JAKARTA – Ketua Komite Pengamanan Perdagangan Indonesia (KPPI), Mardjoko, menyampaikan KPPI telah memulai penyelidikan tindakan pengamanan perdagangan (safeguard measures) atas lonjakan jumlah impor barang Expansible Polystyrene (EPS) terhitung mulai 18 November 2020.

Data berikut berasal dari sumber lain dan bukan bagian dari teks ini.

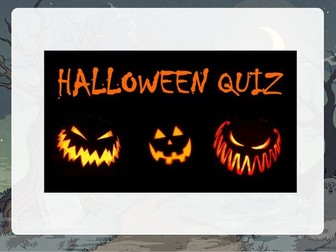 KS2 Halloween Quiz and Activities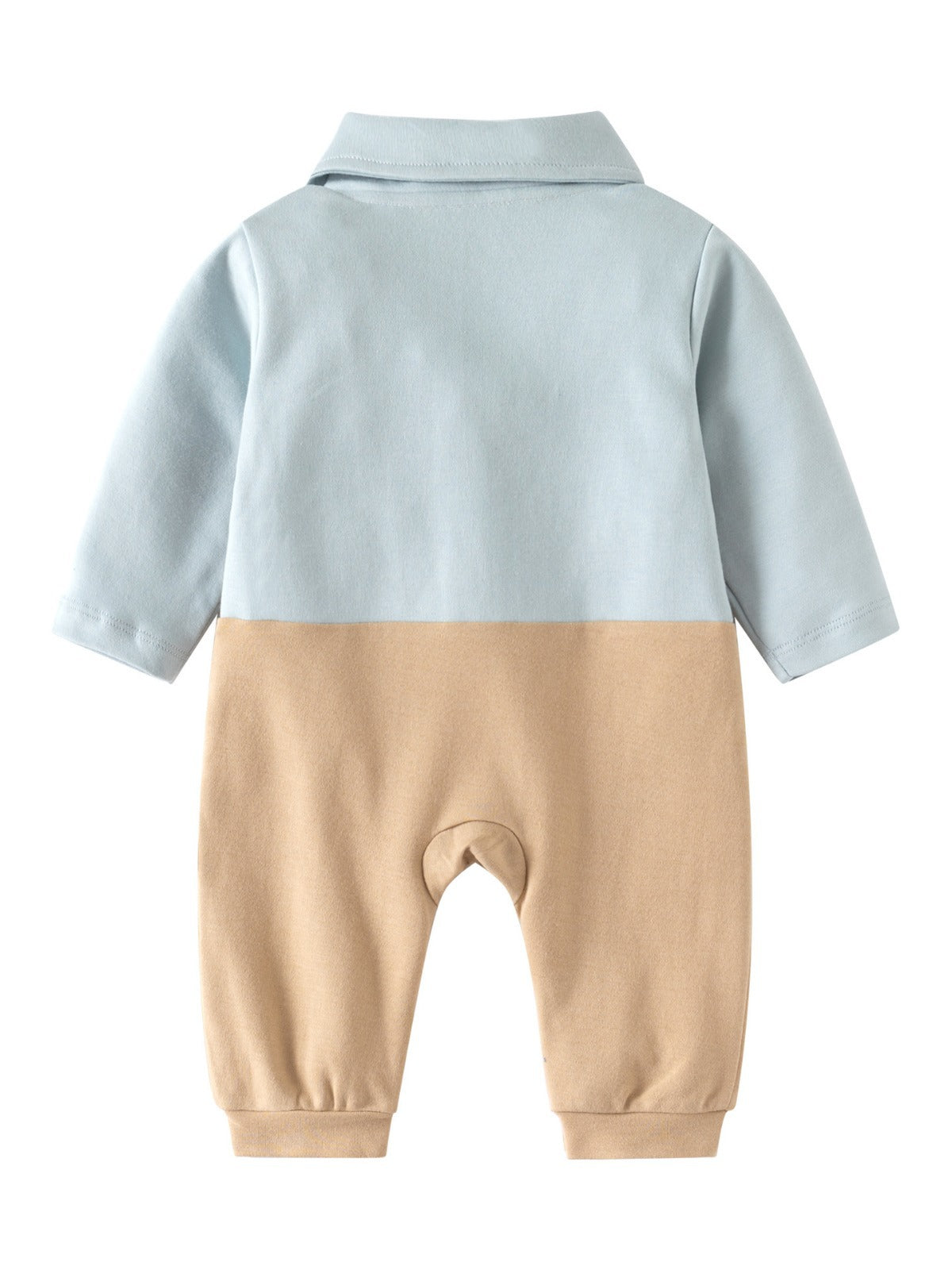 Tutina Elegante Neonato/ Bimbo con Gilet e Papillon – Effetto Completo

“Dari bukti awal permohonan yang diajukan oleh PT KPI, kami menemukan adanya lonjakan jumlah impor barang EPS. Selain itu, terdapat indikasi awal mengenai adanya kerugian serius atau ancaman kerugian serius yang dialami oleh industri dalam negeri, sebagai akibat dari lonjakan jumlah impor barang EPS,” kata Mardjoko, lewat keterangan resmi diterima di Jakarta, Rabu (18/11/2020).
Penyelidikan dilakukan setelah mendapat permohonan PT Kofuku Plastic Indonesia (KPI) atas nama industri dalam negeri penghasil komoditas tersebut pada 6 November 2020.
Barang yang diselidiki adalah EPS dalam bentuk butiran dengan kode Harmonized System (HS) 3903.11.10 sesuai Buku Tarif Kepabeanan Indonesia (BTKI) 2017.
Berdasarkan data Badan Pusat Statistik, dalam tiga tahun terakhir (2016-2019) terjadi peningkatan jumlah impor barang EPS dengan tren sebesar 7,94 persen. Pada 2016, jumlah impor naik sebesar 23.867 ton. Kemudian, pada 2017 naik sebesar 10,82 persen menjadi 26.451 ton. Pada 2018 naik 4,77 persen menjadi 27.712 ton, dan pada 2019 naik 9,38 persen menjadi 30.312 ton.
Negara asal impor barang kertas EPS, antara lain Taiwan dengan pangsa pasar 31,16 persen, Jepang (25,17 persen), Tiongkok (16,44 persen), Vietnam (8,31 persen), Thailand (5,19 persen), India (4,75 persen), Korea Selatan (4,42 persen), dan negara lainnya (4,56 persen).